Pennsylvania bill ending felony charge for HIV-related prostitution would reduce stigma

PHILADELPHIA (Feb. 28, 2024) – Today, on HIV is Not a Crime Awareness Day, State Sen. Vincent Hughes, State Rep. Ben Waxman, and State Rep. Malcolm Kenyatta are circulating co-sponsorship memos for a bill that would remove Pennsylvania’s felony penalty for HIV-related prostitution. (Sen. Hughes memo; Rep Waxman & Kenyatta memo)

HIV criminalization does not make anyone safer, but reinforces stigma and undermines public health goals. The three legislators, known for their advocacy on behalf of people living with HIV, intend to remove this stigmatizing law from the criminal code.

The bill would ensure that Pennsylvania criminal law does not discriminate against people living with HIV and could prevent the state from being subjected to costly litigation. On Feb. 15, 2024, the Department of Justice filed suit against the State of Tennessee and the Tennessee Bureau of Investigation for violating the Americans with Disabilities Act by enforcing the state’s law which similarly enhances the penalties for people living with HIV who are charged with prostitution.

Removing the felony charge removes the last relic of HIV criminalization laws in Pennsylvania, one of nine states still subjecting people living with HIV to harsher penalties if charged with prostitution. In recent years other states including Georgia, Nevada, and California have modernized or repealed their prostitution laws.

HIV criminalization laws began to appear across the nation more than 30 years ago, and advocates have been pushing for reform ever since.

“Criminalizing HIV with a sentencing enhancement is not a public health solution to ending the HIV epidemic,” said Waheedah Shabazz-El, a woman living with HIV who is a longtime activist in issues relating to HIV and women and a board member of the AIDS Law Project of Pennsylvania.

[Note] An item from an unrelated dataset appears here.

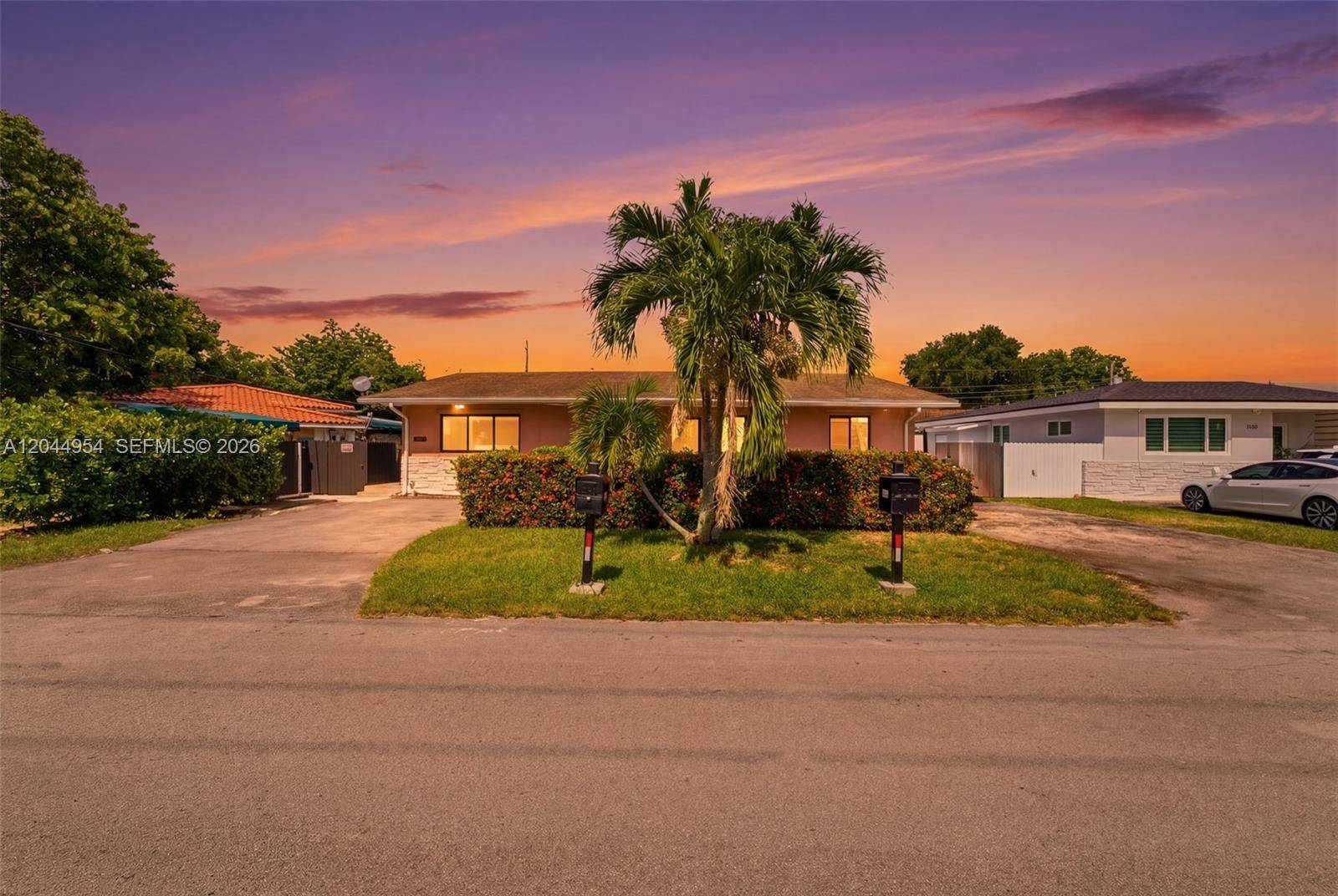 1419 SW 76th CtMiami - picture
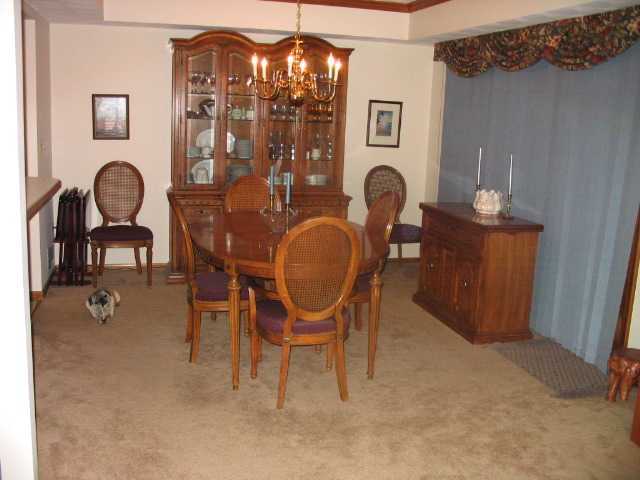 2781 Fishinger Road, Unit 2 Columbus, OH 43221 - Photo 4 of 9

September 2023 poll from Susquehanna Polling and Research shows that a majority of Pennsylvanians believe that the state’s HIV laws should be updated to reflect modern science. According to the poll, 76% of Pennsylvanians believe that current HIV laws should be modernized and updated. And 79% believe that people living with HIV should receive the health and treatment they need, rather than face criminal charges that discriminate and discourage proper testing, treatment, and disclosure.